Create a backup of the existing configuration:

mkdir -p /home/controller/backup
mv config.yaml /home/controller/backup/config.yaml-2.12

Upgrade Process

1. Download and Prepare Upgrade Package

  1. Download the airgap setup binary from the URL provided by the support team:

    wget <airgap_upgrade_package>
    

    Download Tip

    The package is around 30 GB and may take ~15 minutes to download with wget.
    For faster downloads, use aria2c, which supports parallel connections:

    time aria2c -x 16 <URL_of_airgap_installation_package>
    
    This can significantly reduce download time by using up to 16 connections.

  2. Extract the package:

    tar -xf <airgap_upgrade_package>
    

    Extraction Tip

    To speed up extraction of large files (like the ~30GB air-gapped package), you can use pigz.

    If pigz is installed, use the following command instead to significantly reduce untar time:

    tar -I pigz -xvf <name-of-downloaded-package>.tar.gz
    

    pigz leverages multiple CPU cores to accelerate the decompression process.

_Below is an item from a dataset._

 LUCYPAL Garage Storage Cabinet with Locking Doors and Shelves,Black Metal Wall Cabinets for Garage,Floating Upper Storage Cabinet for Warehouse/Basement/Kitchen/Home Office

    On Ubuntu, you can install pigz using:

    sudo apt install pigz
    
  3. Copy and configure the new config.yaml:

    cp -rp config.yaml-airgap-tmpl config.yaml
    

2. Validate Configuration for Upgrade

Before proceeding, ensure the following:

  1. Compare the new config.yaml with your previous version's configuration
  2. Update the archive-directory path in the config file to point to the correct location of your upgrade tar ball
  3. Verify that all other configuration parameters match your previous setup

Compare your previous config with the new one and ensure the following settings are present, particularly checking that the archive-directory path points to your upgrade tar ball location:

spec:
  deployment:
    ha: true  # Set to true for HA controller
  repo:
    archive-directory: /path/to/upgradetar/location  # Update this path to your upgrade tar ball location
    unarchive-path: /tmp
  app-config:
    generate-self-signed-certs: true  # If using self-signed certificates
    partner:
      star-domain: "*.example.com"

Configuration Verification

Double-check that the archive-directory path correctly points to where your upgrade tar ball is located, as RADM will use this path to access the configuration files during the upgrade process.


3. Controller Upgrade Steps

About radm

radm is a Go-based CLI tool used to manage the full lifecycle of a Rafay air-gapped controller. It handles both initial installation and subsequent upgrades of the controller, including infrastructure add-ons, Kubernetes cluster management, software provisioning, and ongoing maintenance. During upgrades, radm manages the process of updating controller components, dependencies, and cluster configurations while maintaining system stability.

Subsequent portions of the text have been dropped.